Li was seemingly unaffected in a 6-2, 6-1 rout of Azarenka, sending the world No. 2 into a long holiday, a sojourn she really needs after an uninspired post-US Open run that saw her lose five of her last six matches of the year.
"Well, yeah, now is a good time to sit and evaluate," Azarenka said. "I think overall, if you look at the results of the numbers, I had a pretty good year. I'm No. 2 in the world. I had great results on the big tournaments, and I had injuries."
Li is peaking at the right time. She opened up the 2013 season by reaching the Australian Open final but then labored, especially throughout most of the spring and early summer. Li then reached the quarters of Wimbledon and three straight semis in Toronto, Cincinnati and the US Open.

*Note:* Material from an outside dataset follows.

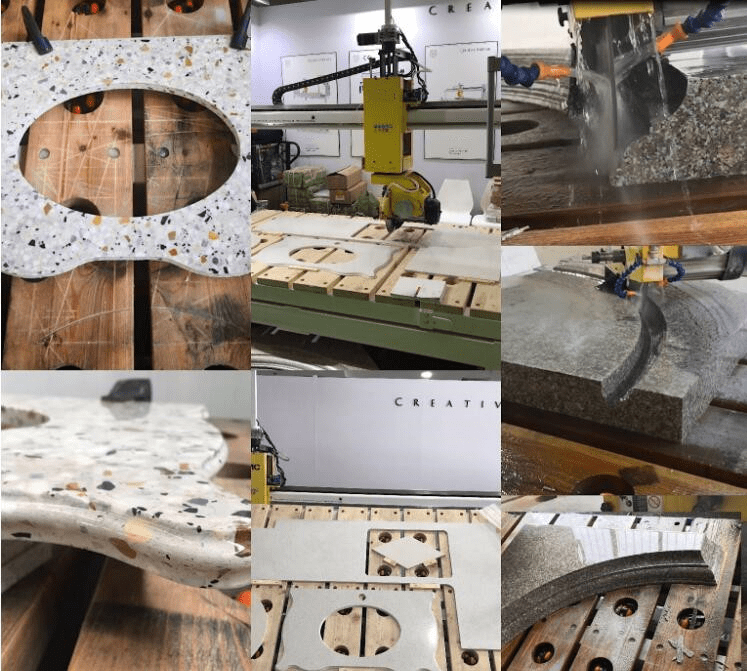 China 5axis marble granite cnc bridge saw swing stone cutting polishing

She played the China Open a few weeks before the start of Istanbul and lost to Petra Kvitova in the quarterfinals.
This is where we make our smooth segue to Kvitova. She's a hard one to figure out. Two years ago, she became the centerpiece of the next generation of stars after winning the year-enders and leading her Czech team to the Fed Cup title.
But whether it was because Kvitova couldn't handle the pressure of expectation or because her success was merely a product of playing on a faster surface, she floundered for quite a while. Last year, she won only two titles and withdrew from the WTA Championships with a virus after just one match. This season, she, too, has only two titles and has been heavily scrutinized for her lack of fitness. But Kvitova finally recognizes that.

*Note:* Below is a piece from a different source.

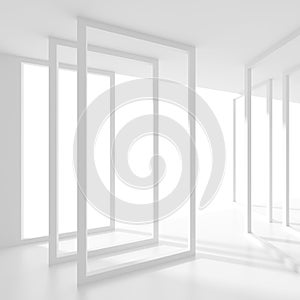 Futuristic Interior Design. White Empty Room with Window. Minima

"[I] started practice with new fitness coach after the US Open," Kvitova said after beating Angelique Kerber on Friday. "We had like 14 days of hard work, so I think that it shows on the court."
One thing is for sure: Although Kvitova has had her share up ups and downs the past two seasons, her robust lefty game is lethal on faster, slicker surfaces. Since 2011, Kvitova has a remarkable 31-4 record on indoor hard-court matches, including a stretch in which she won 25 straight.
But Kvitova knows her laurels alone won't be enough to get by Li.
"To be honest, I'm not thinking about the 2011," Kvitova said. "I think it's maybe a little bit better for my confidence that I know I can play on this surface and to play good in the semifinal, but it's a different year and different tournament for me right now, and it's a different opponent, too. Just really trying to be ready for tomorrow."